Ao final de SUF, novos Cookie Cats são comidos e a mesma música é cantada. Desta vez é mostrado como Steven, que carrega os fardos de sua mãe, a redime ao enfrentar seus problemas ao lado da família, e não fugindo e os deixando pra trás. Apesar de que agora ele está de mudança deixando a cidade.

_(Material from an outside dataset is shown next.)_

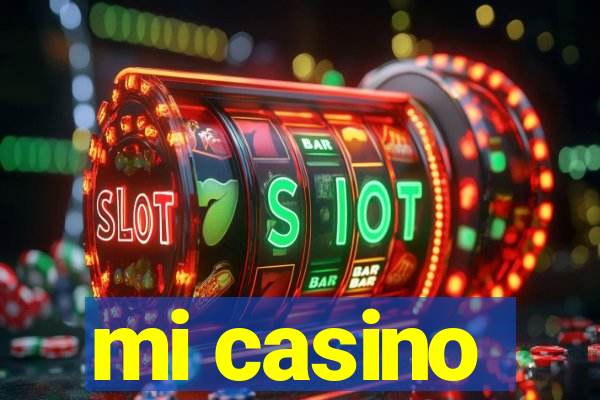 mi casino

Essa última temporada soube manter acertos da série original e concertar outros erros. SUF chama atenção por seu traço se mostrar mais caprichado e superior ao das anteriores. As primeiras temporadas da série tinham a fama de manter inconstâncias gritantes nos tamanhos dos personagens, nunca deixando claro a altura de nenhum deles, e agora é possível ver que isso foi solucionado. Por outro lado, as músicas durante os episódios, que desde o começo chamam a atenção pela qualidade, também permaneceram nessa temporada, e mantiveram o padrão.
Steven Universo significou muito para a animação ocidental, mas podia ter significado ainda mais. A série foi vítima de inúmeros boicotes ao longo destes sete anos, seja por hiatos anormalmente longos, postagem do episódio no site e app do Cartoon Network antes de seu lançamento na televisão (minando a audiência), ou até mesmo por censura explícita de algumas cenas em países mais conservadores.
Até que em meados de 2019, o ultimato veio. Rebecca Sugar disse em um painel organizado pela livraria Barnes and Noble que se viu obrigada a mudar a narrativa do desenho de maneira que não fossem mais feitas referências a comunidade LGBT, ou acabar com sua produção. Isso devido o fato de que certos países iriam parar de contribuir com o fundo internacional que financiava seu trabalho se a narrativa se mantivesse.
A Rússia é um dos países que mais censuram as cenas com conotação LGBT em Steven Universo, se a Rússia censura a Rebecca, a Rebecca censura a Rússia (Foto: Reprodução)
Rebecca, uma mulher bissexual e não binária, deixou uma marca incrível na animação ocidental, escancarando as portas para a comunidade LGBT entrar neste mundo. O mérito é todo dela desde que a artista era roteirista em Hora de Aventura, no qual ela desenvolveu o relacionamento entre Jujuba e Marceline, sempre entrelinhas e debaixo dos panos, com um único beijo no último episódio.
O filme e Steven Universe Future, a última temporada, vieram depois de muita insistência, para fechar algumas pontas abertas, mas nem todas. Os fãs ficaram sem saber o que havia nesse baú (Foto: Reprodução)
A voz de Rebecca Sugar ainda ecoa, seja através do primeiro beijo gay que foi visto em Star vs As forças do mal, ou através de She-ra, de Noelle Stevenson, que tem nítidas inspirações em Steven Universe e continua seu legado. A militância sem violência da autora conseguiu trazer o amor para as telas, e mostrar para as crianças que suas existências são possíveis, através da representatividade. Sua animação é uma manifestação no mundo real de seus ideais, e de toda a luta de Steven, que continua viva.
Enquanto houver LGBTfobia, a memória doce de Steven e Rebecca ainda vai ecoar, convocando uma luta, não com armas, mas com amor. Talvez assim um dia poderemos dizer “Here we are in the future and it’s bright, nothing to fear, no one to fight”.